BSc Economics

Year of entry: 2022

Course unit details:
Topics in Economic Growth

Course unit fact file
Unit code ECON32221
Credit rating 20
Unit level Level 3
Teaching period(s) Semester 1
Offered by School of Social Sciences
Available as a free choice unit? No

Pre/co-requisites

Unit title Unit code Requirement type Description
Advanced Mathematics ECON10071 Pre-Requisite Compulsory
Principles of Microeconomic Theory 1: Consumers, Welfare, Production and Costs ECON10171 Pre-Requisite Compulsory
Macroeconomic Analysis 1 ECON10181 Pre-Requisite Compulsory
Microeconomics 1 ECON10221 Pre-Requisite Compulsory
Macroeconomics 1 ECON10241 Pre-Requisite Compulsory
Macroeconomics 1 ECON10252 Pre-Requisite Compulsory
Microeconomics 1 ECON10331 Pre-Requisite Compulsory

ECON10071 Advanced Mathematics

AND

(ECON10171 Principles of Microeconomic Theory 1 OR ECON10221 Microeconomics OR ECON10331 Microeconomics 1)

AND

(ECON10181 Macroeconomic Analysis 1 OR ECON10241 Macroeconomics 1 OR ECON10252 Macroeconomics 1)
 

Aims

  • Provide an overview of the process of development in the long run
  • Discuss the role of society in an economy’s growth process
  •  Provide an overview of the most important theories of economic growth, their empirical evaluation, and their implications

Syllabus

  • Introduction: economic growth in the long run
  • Savings, capital, and convergence: the Solow model
  • Innovations and ideas: endogenous growth theory (Romer, Schumpeter)
  • The Malthusian hypothesis and the demographic transition
  • From stagnation to growth: unified growth theory (Galor)
  • The role of culture, institutions, and geography 

Teaching and learning methods

New content will be delivered to students asynchronously (readings) as well as synchronously through lectures. The virtual learning environment (VLE) will clearly guide students through the different sources of content.

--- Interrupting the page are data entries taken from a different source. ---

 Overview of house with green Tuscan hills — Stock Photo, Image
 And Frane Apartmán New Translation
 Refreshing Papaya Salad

Students’ learning will be supported by offering regular tutorials in smaller groups. In these tutorials students will be given the opportunity to work on problems and discuss applied cases with their peers and teaching staff as well as practice their presentation skills.

Tutorials are an important source of formative feedback for students as they will be able to assess their state of understanding of the material through engagement in tutorials. In addition, students will be able to use a discussion board in which they can test their understanding as well as ask questions to their peers and the teaching staff.

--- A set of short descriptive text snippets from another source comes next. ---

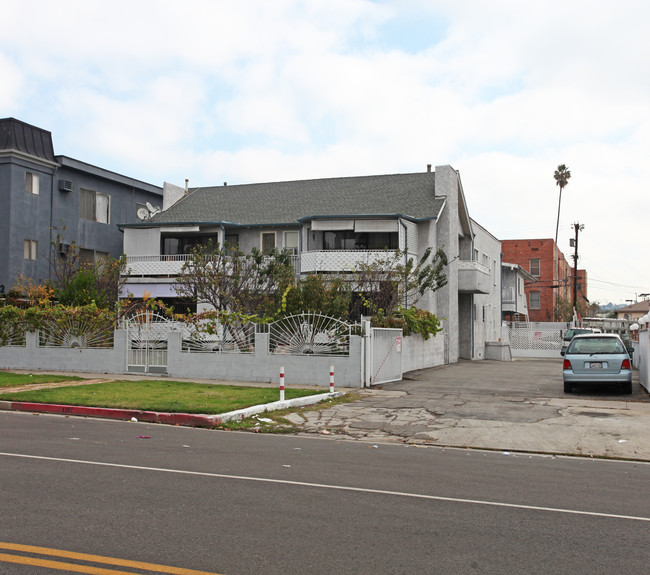 1716 3/4 Winona Blvd in Los Angeles, CA - Building Photo - Building Photo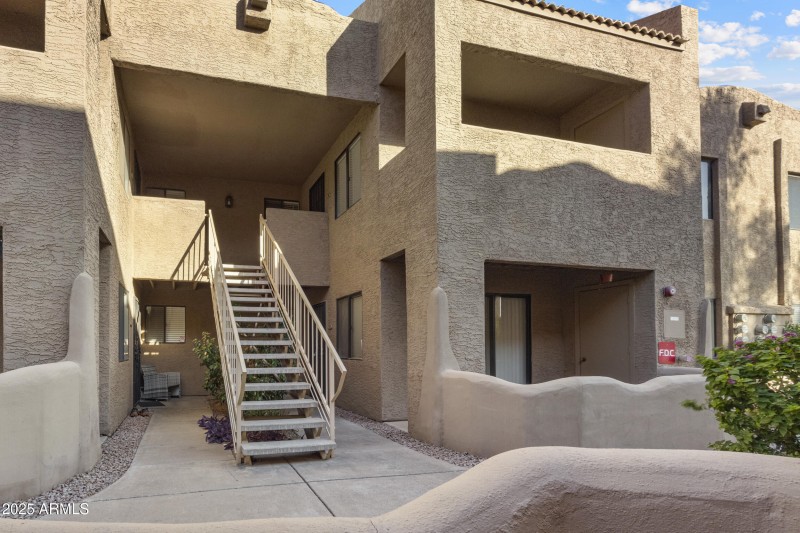 Building 5 #218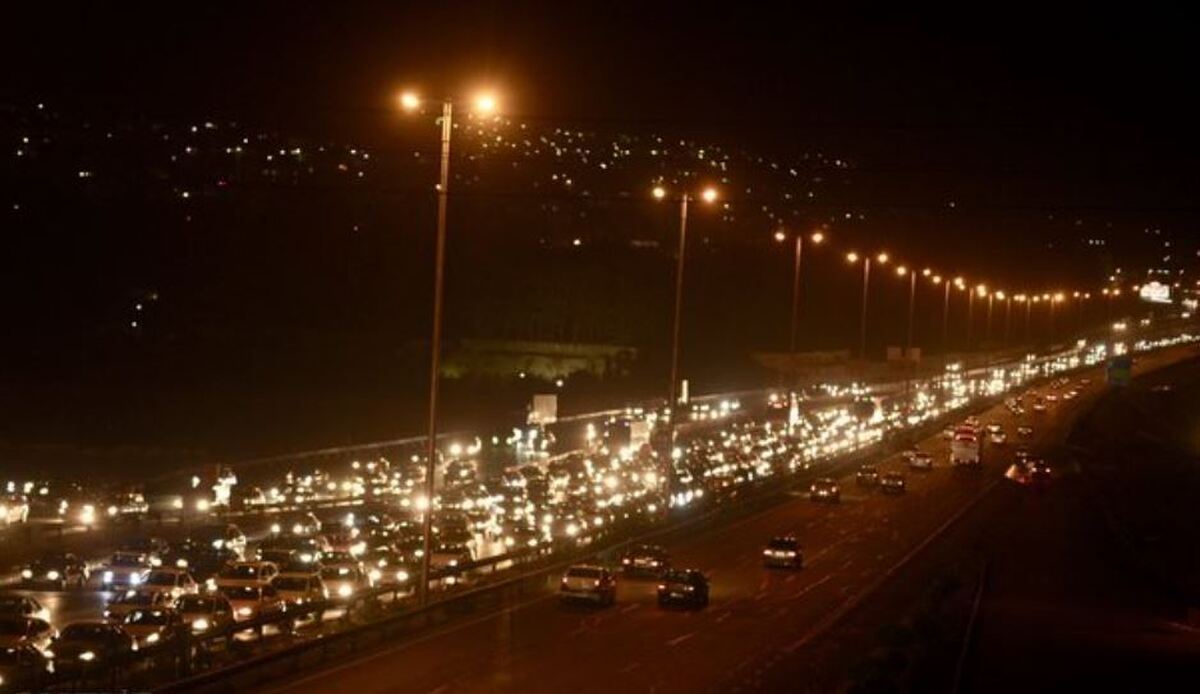 جاده چالوس یکطرفه شد جاده چالوس یکطرفه شد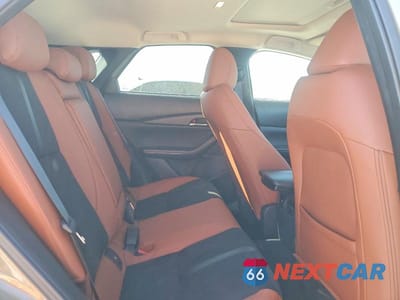 Zdjęcie 11 z 14 samochodu: 2025 MAZDA CX-30 CARBON TURBO VIN:3MVDMBXY0SM840033 - miniatura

In addition to these formative feedback opportunities, the in-term assessments (see below) will provide summative and formative feedback to students.
 

Knowledge and understanding

  • Understand the theory and empirics of economic growth and development
  • Understand the determinants of economic growth and development

Intellectual skills

  • Critically evaluate applied work and policies in the field of economic growth and development.
  • Understand limitations of the economic growth and development literature

Practical skills

  • Independently identify and assess relevant literature

Transferable skills and personal qualities

  • Communicate questions, methods and results from the economic growth and development to an economic but also to a non-specialist audience
     

Assessment methods

Coursework 1 (25%)

Coursework 2 (25%)

Final Exam (50%)

Recommended reading

Primary readings for the course are the following: 

Charles I. Jones and Dietrich Vollrath. Introduction to Economic Growth. W. W. Norton & Company.
    Chapters 2, 3, 4
Oded Galor. The Journey of Humanity: The Origins of Wealth and Inequality. Bodley Head.

Additional readings on specialised topics and empirical case studies are made available each week via the online learning platform. 
 

Additional notes

Synchronous activities (such as Lectures or Review and Q&A sessions, and tutorials), and guided self-study.